2001-05-04 Thread freedman
On Thu, May 03, 2001, Gregory T. Norris wrote:
 I need to replace a dual PIII-600MHz motherboard, which apparently got
 fried.  I'd appreciate any suggestions for a good, Linux friendly one.
 Preferably something which can make use of ECC memory, which the dead
 one (i840 chipset) couldn't.
 
 It's not yet clear if either CPU survived, so feel free to suggest
 boards which might not support the old processors.
 
 Thanx!

Hi,

Depending upon how much you're looking to spend, you might want to
look into a Supermicro board with a Serverworks chipset.  A little on
the pricey side (~$500+), but that might be worth it for you.  I'm
personally waiting (still...) for the dual Athlons to come out
(promises, promises) which should give super bang for the buck
(depending upon final unknown cost of dual motherboard) with PC2100
memory ($115/256Mb from Crucial).

Hope this helps and take care,

Daniel

-- 
Daniel A. Freedman
Laboratory for Atomic and Solid State Physics
Department of Physics
Cornell University



Re: motherboard suggestions

2001-05-04 Thread freedman
On Fri, May 04, 2001, [EMAIL PROTECTED] wrote:
 On Thu, May 03, 2001, Gregory T. Norris wrote:
  I need to replace a dual PIII-600MHz motherboard, which apparently got
  fried.  I'd appreciate any suggestions for a good, Linux friendly one.
  Preferably something which can make use of ECC memory, which the dead
  one (i840 chipset) couldn't.
  
  It's not yet clear if either CPU survived, so feel free to suggest
  boards which might not support the old processors.
  
  Thanx!
 
 Hi,
 
 Depending upon how much you're looking to spend, you might want to
 look into a Supermicro board with a Serverworks chipset.  A little on
 the pricey side (~$500+), but that might be worth it for you.  I'm
 personally waiting (still...) for the dual Athlons to come out
 (promises, promises) which should give super bang for the buck
 (depending upon final unknown cost of dual motherboard) with PC2100
 memory ($115/256Mb from Crucial).

Answering my own post (or at least adding to it).  Just after posting,
I read on theregister
(http://www.theregister.co.uk/content/3/18750.html) that AMD will
supposedly be introducing the chipsets on this May 15 to support dual
Athlons.  The implication is that they will ship soon after.  Who
knows, though.  You should judge for yourself, I just thought you
might want to know.

Take care,

Daniel

-- 
Daniel A. Freedman
Laboratory for Atomic and Solid State Physics
Department of Physics
Cornell University



Re: motherboard suggestions

2001-05-04 Thread Charles Lewis
I would suggest looking at AnandTech (www.anandtech.com) or Tom's Hardware
Guide (www.tomshardware.com). Both are excellent resources with in depth
reviews by guys that REALLY understand hardware. In addition, anandtech had
some links to vendors with very respectable prices.

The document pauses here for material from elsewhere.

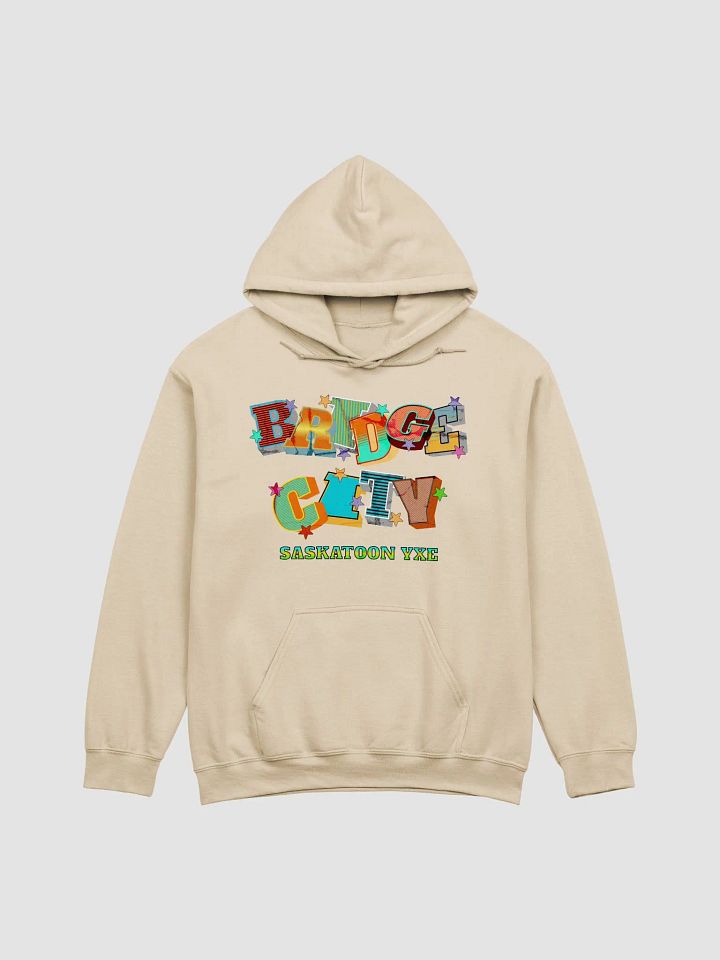 Bridge City Saskatoon Saskatchewan YXE Starry Night Hoodie product image (19)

Using some reviews from anandtech, I just purchased a Iwill KK266
motherboard and an AMD Athlon 1GHz with 266MHz front side bus from
newegg.com for $263.

-- 
Charles Lewis
[EMAIL PROTECTED]
817-556-4720


 From: Gregory T. Norris [EMAIL PROTECTED]
 Date: Thu, 3 May 2001 20:35:53 -0500
 To: debian-user debian-user@lists.debian.org
 Subject: motherboard suggestions
 Resent-From: debian-user@lists.debian.org
 Resent-Date: Thu, 3 May 2001 20:33:51 -0500
 
 I need to replace a dual PIII-600MHz motherboard, which apparently got
 fried.  I'd appreciate any suggestions for a good, Linux friendly one.
 Preferably something which can make use of ECC memory, which the dead
 one (i840 chipset) couldn't.
 
 It's not yet clear if either CPU survived, so feel free to suggest
 boards which might not support the old processors.
 
 Thanx!
 
 



Re: motherboard suggestions OT: ECC memory

2001-05-04 Thread William Leese
 I need to replace a dual PIII-600MHz motherboard, which apparently got
 fried.  I'd appreciate any suggestions for a good, Linux friendly one.
 Preferably something which can make use of ECC memory, which the dead
 one (i840 chipset) couldn't.

one of those things i was going to look into put never got around to. whats 
the difference between SDRAM and ECC SDRAM?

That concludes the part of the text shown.